Money for Something: job creation and job quality standards in state economic development subsidy programs
Good Jobs First
Philip Mattera, Thomas Cafcas, Leigh McIlvaine, Andrew Seifter, Kasia Tarczynska
First published December 2011
At a time when unemployment remains high and states and cities are spending an estimated $70 billion a year in the name of economic development, taxpayers are right to ask if such expenditures are creating a substantial number of good jobs. An analysis of major state economic development programs finds that many subsidy programs require little if any job creation. Fewer than half provide any kind of wage standard for the workers at subsidized companies, and fewer than a fourth require any sort of healthcare coverage.
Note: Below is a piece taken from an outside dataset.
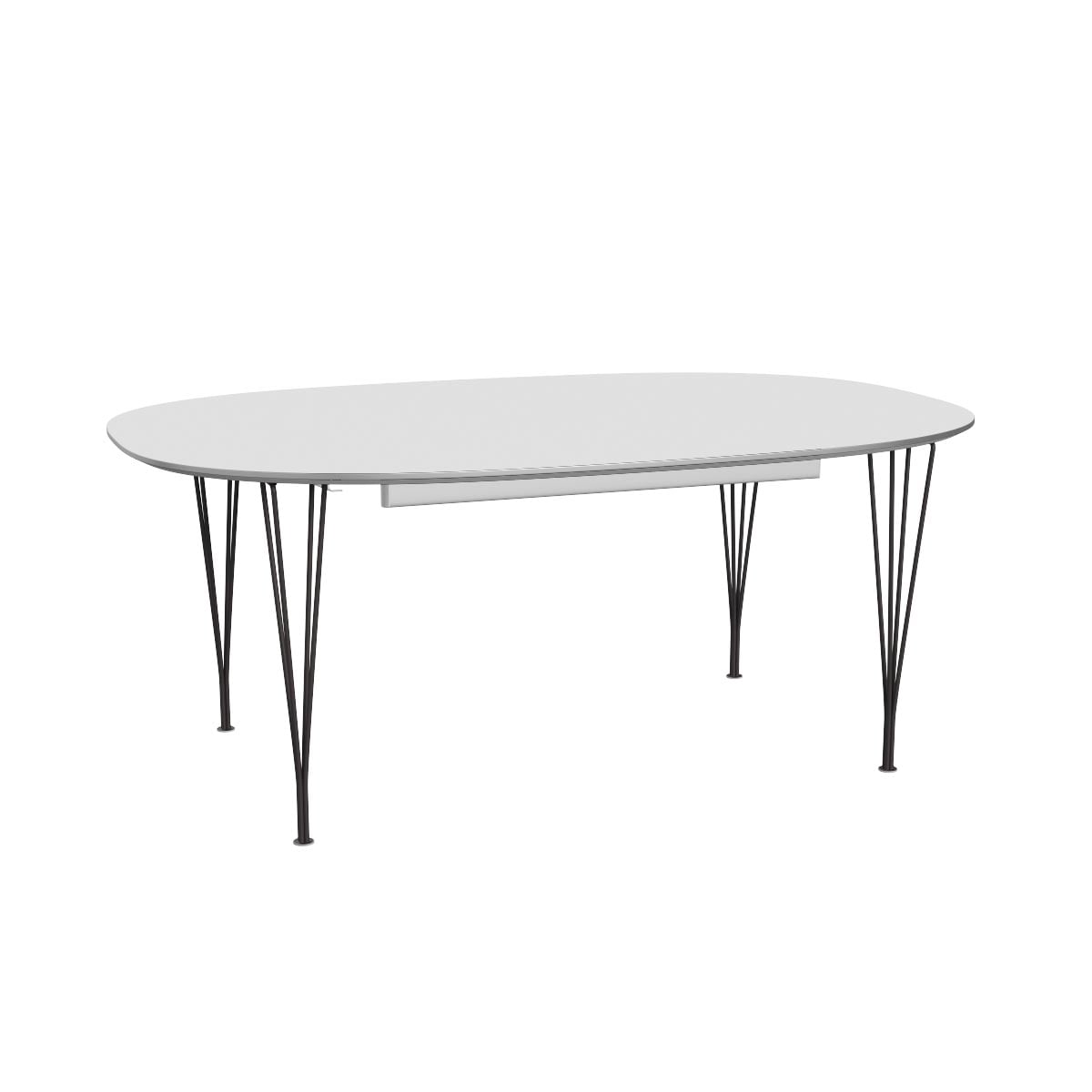 Superellipse Dining Table | White Laminate Top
Some individual programs have exemplary safeguards, and the fact that almost every state has some programs with decent job creation or job quality standards makes it clear that these are not “business climate” impediments. Yet no state includes a high level of protection in all of its major subsidy programs, and some states are highly erratic across programs.
These findings come from a careful analysis by Good Jobs First of the most significant subsidy programs in all 50 states and the District of Columbia—238 programs in all, which together cost taxpayers more than $11 billion a year (amounts are not available for 20 of them). The programs include corporate income tax credits (for job creation, capital investment, and/or research & development), cash grants, low‐cost or forgivable loans, enterprise zones, reimbursement for worker training expenses and other types of company‐specific state assistance. (Subsidies that are enabled by state law but whose costs are borne by local governments, such as property tax abatements, are not among the programs examined.)